AIRIS is a powerful approach to model based reinforcement learning.

Through self-driven observation and experimentation, it is able to generate dynamic world models that it uses to formulate its own goals and plans of action. These goals can also be influenced by an outside source, such as a user, to direct AIRIS to the completion of specific tasks.

AIRIS has demonstrated the ability to quickly, effectively, and completely autonomously learn about an environment it is operating in.

Airis is being developed in 3 stages:

Stage 1 – Prototype Alpha (Complete)

The Prototype Alpha of AIRIS was created using a video game development tool called GameMaker: Studio. This allowed for the rapid development of test environments and ensured that the concept was general enough to not require specialized software or hardware.

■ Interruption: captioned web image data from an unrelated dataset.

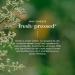 Fushi Organic Neem Oil 50ml - Untreated & Freshly Pressed for Itchy Scalp & Irritated Skin - Ethical Vegan Skincare Made in Britain - Buy Online on GoSupps.com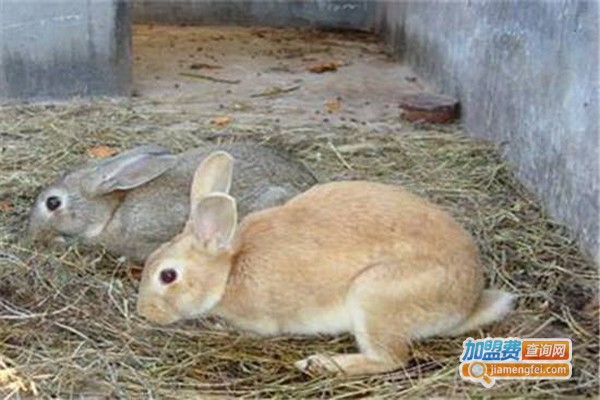 华南金兔养殖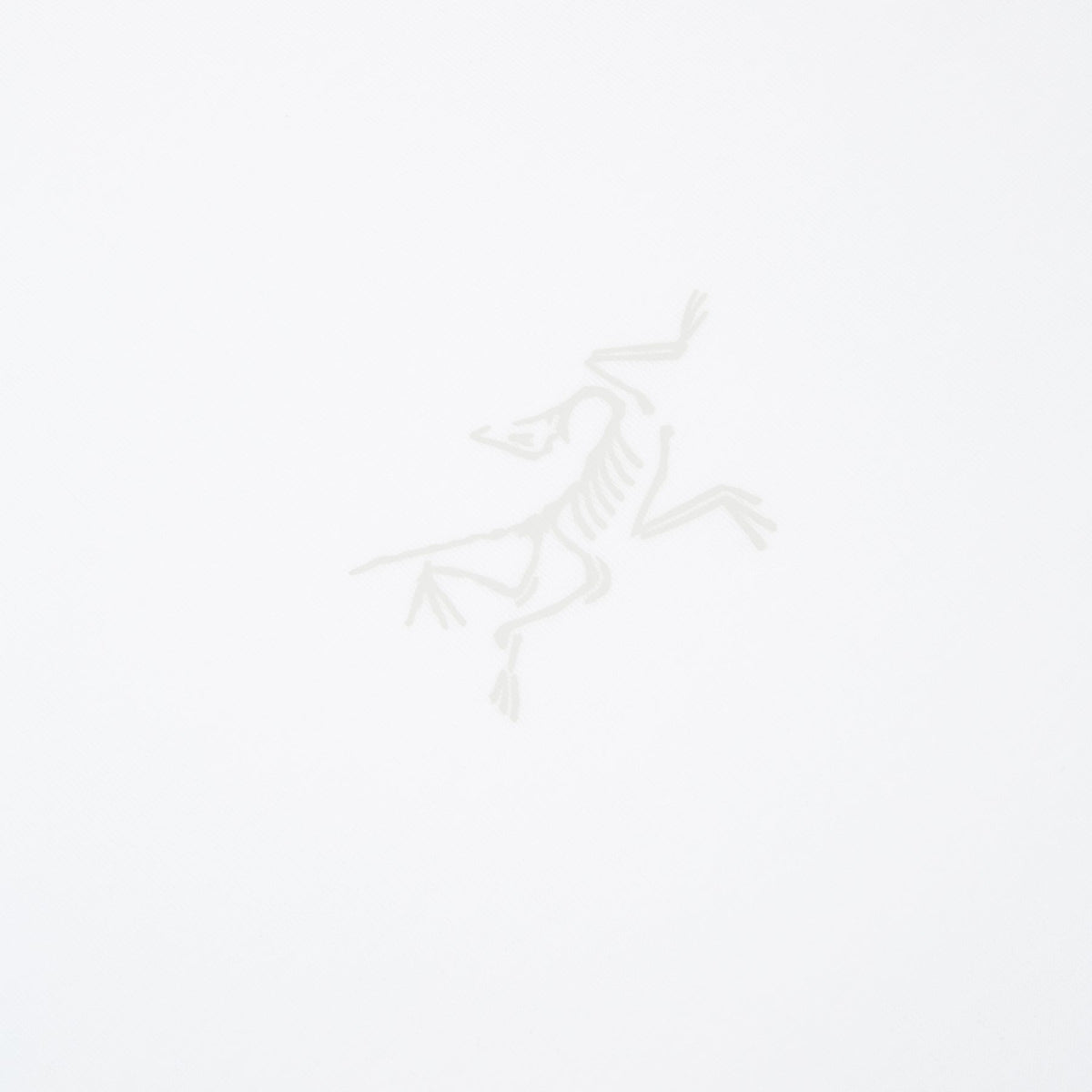 Arc'teryx Kragg SL Cotton SS M (White Light) T-shirt Top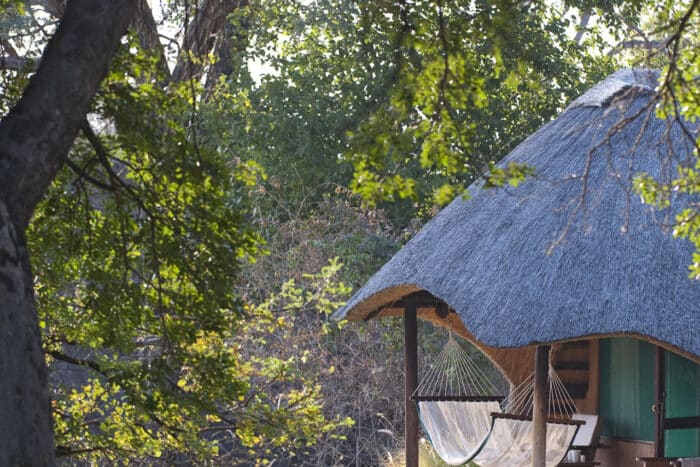 Cedarberg Travel | Imbabala Zambezi Safari Lodge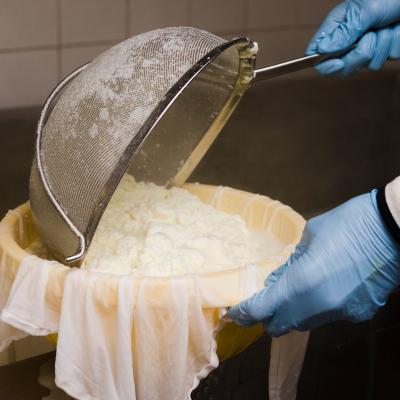 Whey Collection and Processing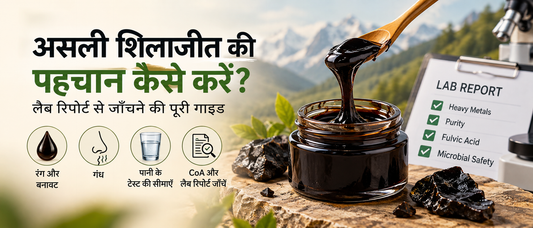 असली शिलाजीत की पहचान के लिए रेज़िन, लैब रिपोर्ट और भारी धातुओं की जाँच दर्शाता बैनर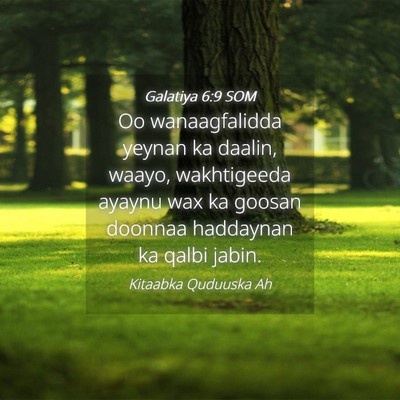 Picture 04 - Galatiya 6:9 SOM - Oo wanaagfalidda yeynan ka daalin, waayo, - Bible Verse Picture
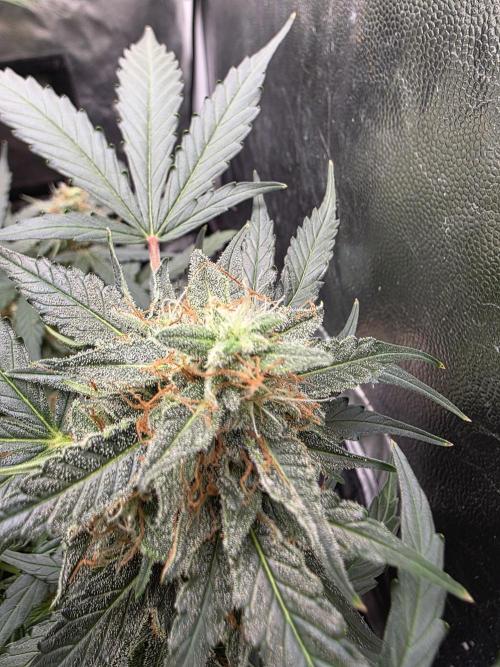 [2nd run] Green Crack Automatic. Week 12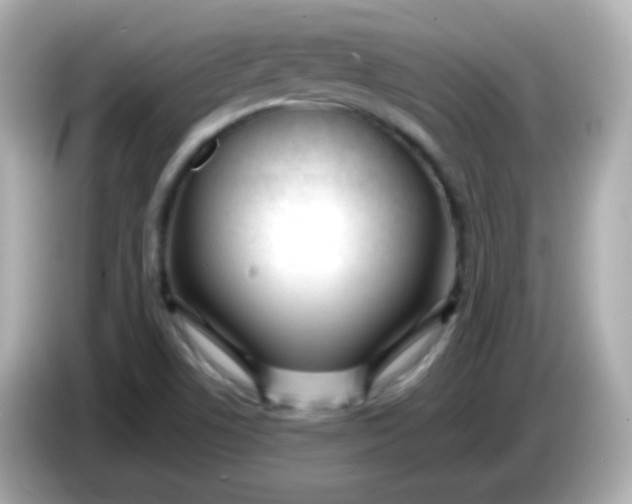 X0000086041506200704091141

This prototype was fed semi-supervised information (sprite types and locations relative to it),  from the game engine for its inputs. This allowed for rapid debugging and concept testing, but had the side effect of limiting its overall capabilities. At its peak performance, it was able to complete a 5 step puzzle (collect extinguisher, put out fire, collect key, unlock door, and collect battery) with no initial information about the game. Just by autonomously exploring, observing, and experimenting.

Stage 2 – Prototype Beta (In-progress)

Similar to the Alpha prototype, this version of AIRIS is also being developed in GameMaker: Studio. However, this version uses unsupervised raw pixel data for inputs. This will allow for a much broader variety of testing environments. Such as more complex puzzles, varying world mechanics, and image recognition.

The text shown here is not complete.